Rolfing is also used on children, and it is even being offered for horses (“equine rolfing”). When it comes to kids, some parents use rolfing to help manage cerebral palsy (CP), a broad term used to describe a group of chronic “palsies” or disorders that impair control of movement due to damage to the developing brain. CP is one of the most common causes of chronic childhood disability. When combined with traditional therapy, some doctors believe that rolfing can help reduce the need for more invasive treatments of cerebral palsy.
Relationship to Other Therapies
Rolfing treatments are often mistakenly thought of as a type of very deep tissue massage. While rolfing and massage both involve soft tissue manipulation, rolfing also aims to balance the body in gravity by improving the body’s physical balance.
As previously mentioned, Dr. Rolf was influenced by yoga as she developed rolfing so it comes as no surprise that rolfing and yoga are complementary to one another, both helping to improve the body’s flexibility, balance and overall structure. Rolfing and yoga are similar in how they both look at the body as a whole, recognizing that improving physical well-being helps to improve emotional well-being and vice versa. Both yoga and rolfing focus on guiding the breath gently and fully throughout the body to release tension while improving energy levels and flow.

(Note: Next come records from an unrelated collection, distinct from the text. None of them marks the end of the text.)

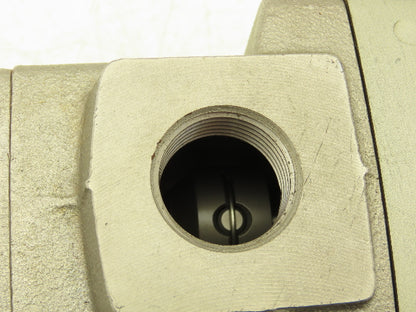 SMC VNH413A High Pressure Coolant Valve 24V 3 Port 7.0MPa Normally Closed 1"NPT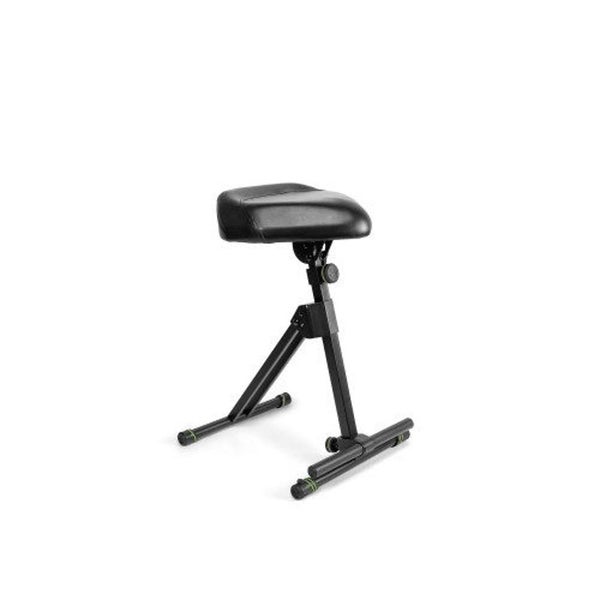 Height Adjustable Stool with Footrest Carousel 1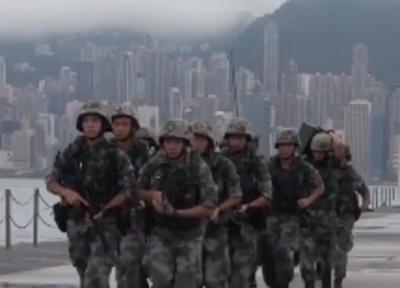 هشدار پکن نسبت به آسیب اقتصاد هنگ کنگ، برگزاری رزمایش نظامیان چین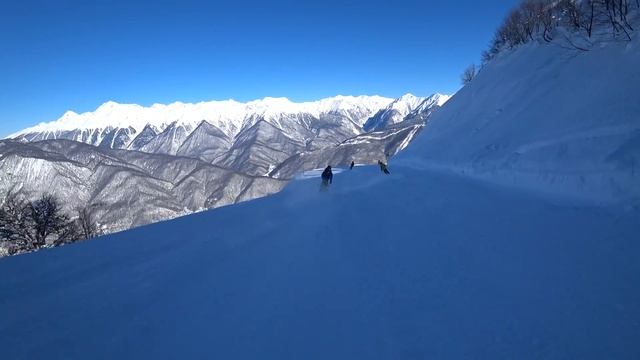 Красная Поляна, Горки город, трасса 3А смотреть онлайн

Precautions and Side Effects
It is important to make sure that any chronic discomfort or pain is not caused by an underlying health issue so having a general physical with your doctor prior to beginning a rolfing program is a wise idea. Anyone with an illness, infection or injury should be cleared by a doctor prior to attending a rolfing session. Also, consult your doctor first if you have any connective tissue disorder, are pregnant or nursing, or have a psychological disorder. Rolfing may not be recommended for people under these circumstances.
Some people do find rolfing to be painful at times, especially in the early sessions before the tissue releases. The level of discomfort one might experience during a rolfing sessions depends on several factors, including the degree of trauma to the system, how long that trauma/pain has been in the area of the body, and how emotionally linked the pain or injury might be for the individual. Rolfing practitioners vary in their general levels of intensity. They also vary their intensity as needed on a client-by-client basis. Some long-held, deep pain likely requires greater intensity, which can result in some discomfort, but similar to massage, the discomfort is momentary and typically well worth it. Any discomfort typically turns to pleasant sensations as the body releases and relaxes more and more with each session.

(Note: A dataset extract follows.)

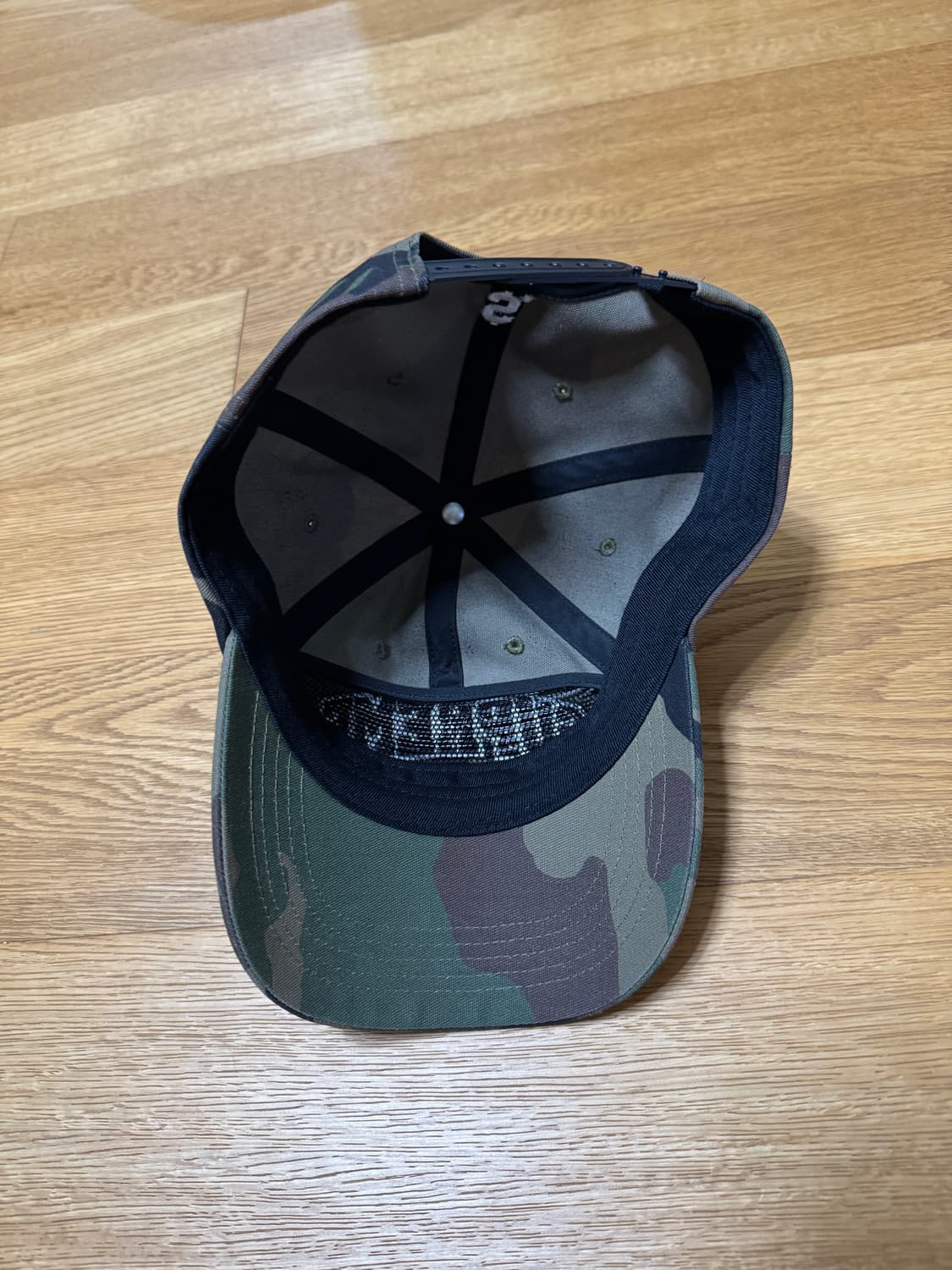 Supreme 슈프림 카모 6패널 볼캡 모자 상품이미지2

Some soreness can be experienced after a rolfing session, but it is usually mild and responsive to basic heat and ice treatment. Hydration before and after a rolfing session is always recommended and helpful.

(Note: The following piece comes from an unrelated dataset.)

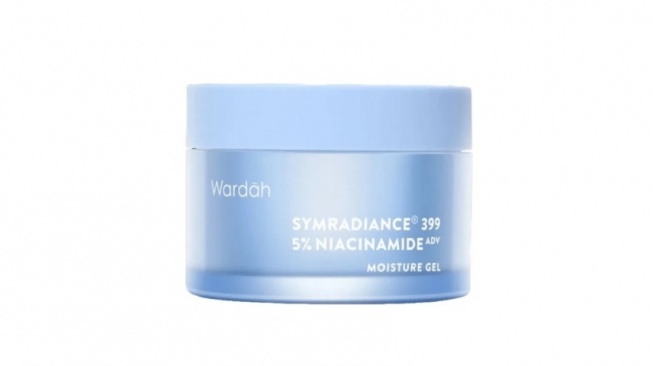 Wardah Symradiance 399 5% Niacinamide ADV Bright & Barrier Boost Moisture Gel (Shopee)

Rolfing is generally believed to be safe for most people. However, anyone with cancer or an illness that can be spread with increased circulation should refrain from rolfing or any other form of deep tissue manipulation. Additionally, anyone with a blood-clotting issue or anyone taking blood thinners should also avoid rolfing. Check with your doctor before see an advanced rolfer and starting a basic rolfing regiment if you have any ongoing health concerns.